*** Opening of DATA ***
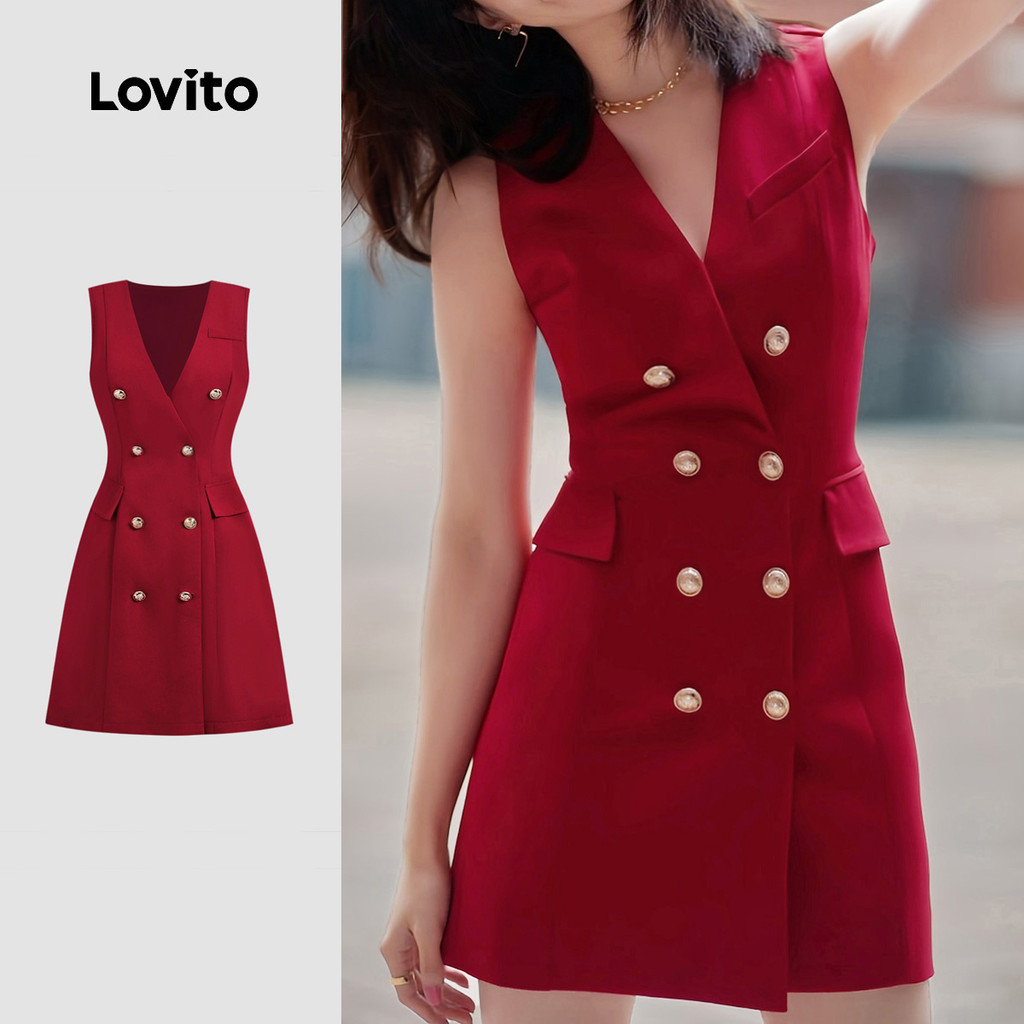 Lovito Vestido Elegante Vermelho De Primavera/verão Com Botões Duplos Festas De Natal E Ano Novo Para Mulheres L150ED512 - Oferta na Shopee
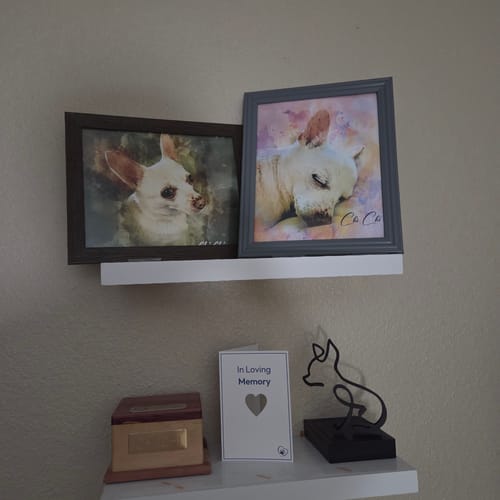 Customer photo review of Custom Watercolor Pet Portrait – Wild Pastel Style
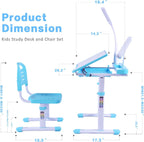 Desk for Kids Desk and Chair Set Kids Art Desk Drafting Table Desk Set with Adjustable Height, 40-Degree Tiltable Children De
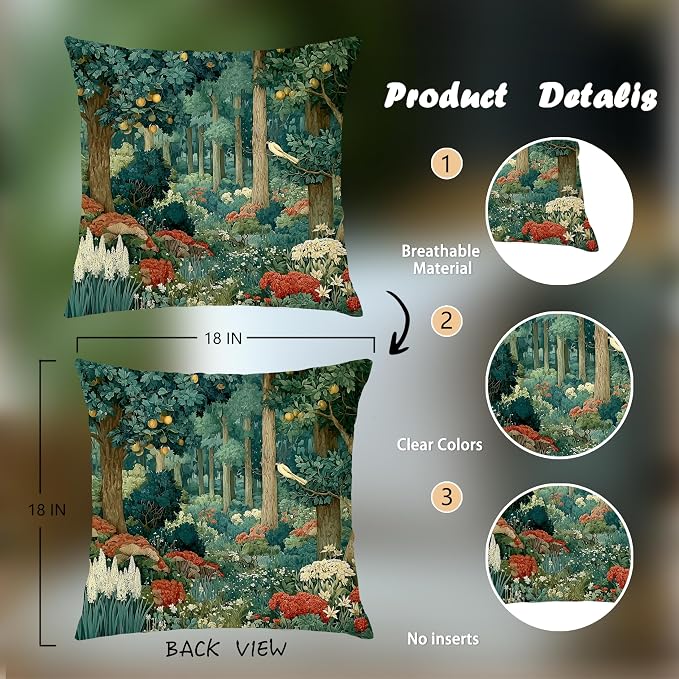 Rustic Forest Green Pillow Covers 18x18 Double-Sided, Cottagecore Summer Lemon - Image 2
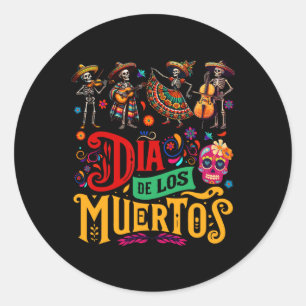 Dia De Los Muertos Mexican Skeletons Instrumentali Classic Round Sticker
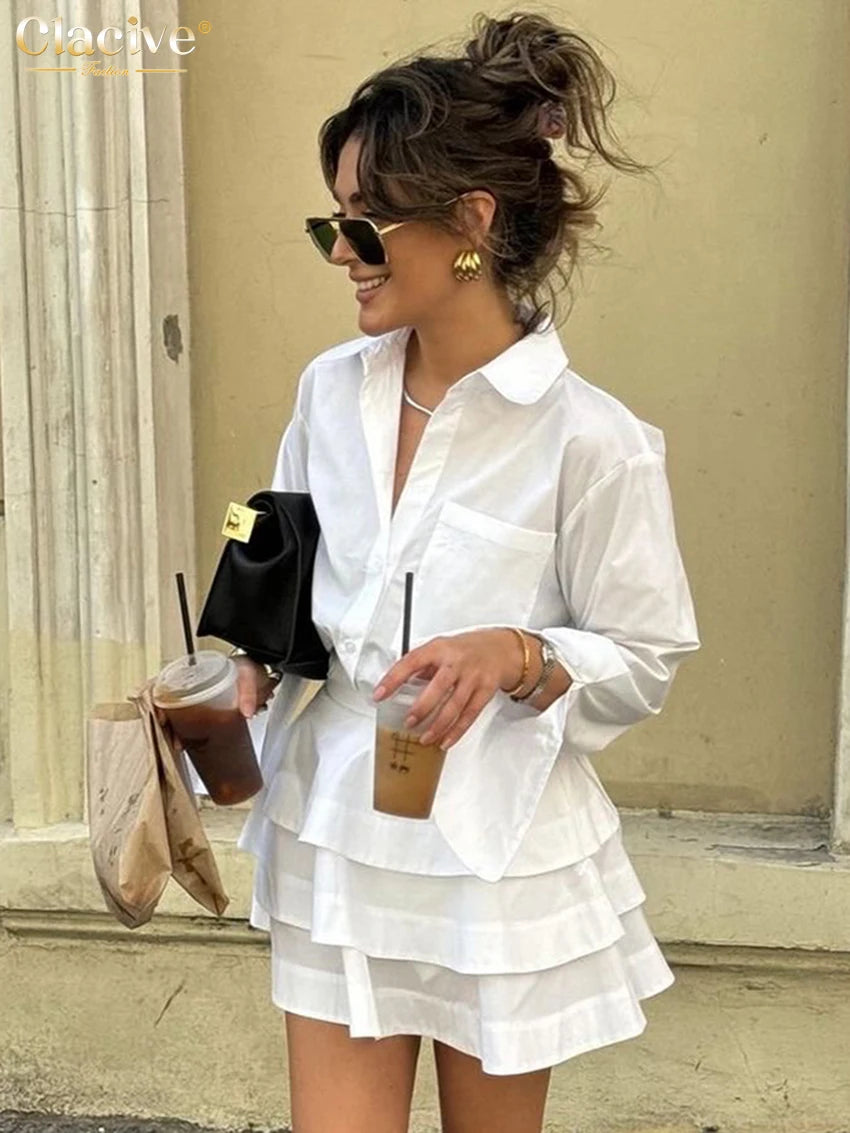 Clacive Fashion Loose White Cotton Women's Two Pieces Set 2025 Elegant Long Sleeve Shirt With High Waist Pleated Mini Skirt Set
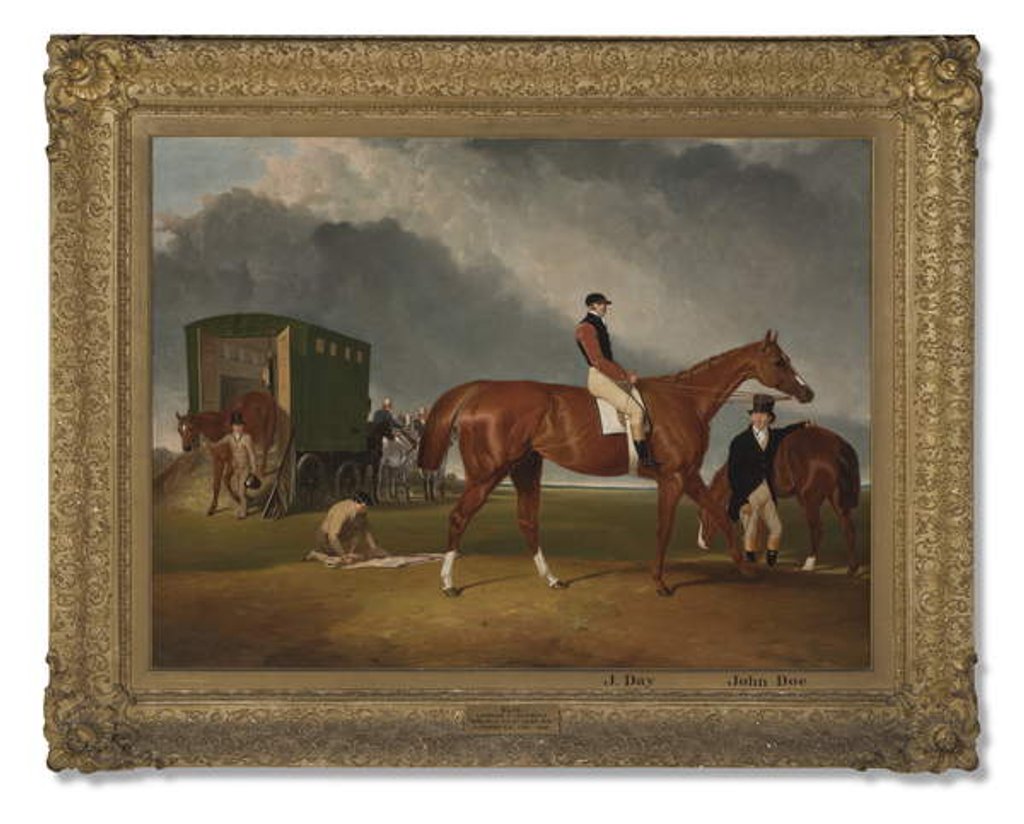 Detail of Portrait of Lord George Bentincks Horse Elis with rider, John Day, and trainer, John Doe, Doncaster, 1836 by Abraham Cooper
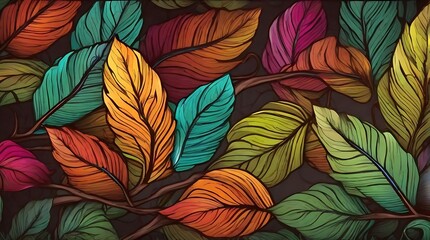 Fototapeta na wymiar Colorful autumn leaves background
*** Close of DATA ***
*** Opening of DATA ***
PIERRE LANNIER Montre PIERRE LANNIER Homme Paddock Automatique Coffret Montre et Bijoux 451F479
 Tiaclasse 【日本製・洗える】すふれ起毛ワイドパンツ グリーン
*** Close of DATA ***
▸ **WHAT THE EXERCISE ASKS**: Range to copy from the listing above: the line with "Lovito Vestido Elegante" through the line with "Clacive Fashion Loose". Transcribe it exactly and skip the pictures.

▸ **OUTPUT OF THE TASK**:
 Lovito Vestido Elegante Vermelho De Primavera/verão Com Botões Duplos Festas De Natal E Ano Novo Para Mulheres L150ED512 - Oferta na Shopee
 Customer photo review of Custom Watercolor Pet Portrait – Wild Pastel Style
 Desk for Kids Desk and Chair Set Kids Art Desk Drafting Table Desk Set with Adjustable Height, 40-Degree Tiltable Children De
 Rustic Forest Green Pillow Covers 18x18 Double-Sided, Cottagecore Summer Lemon - Image 2
 Dia De Los Muertos Mexican Skeletons Instrumentali Classic Round Sticker
 Clacive Fashion Loose White Cotton Women's Two Pieces Set 2025 Elegant Long Sleeve Shirt With High Waist Pleated Mini Skirt Set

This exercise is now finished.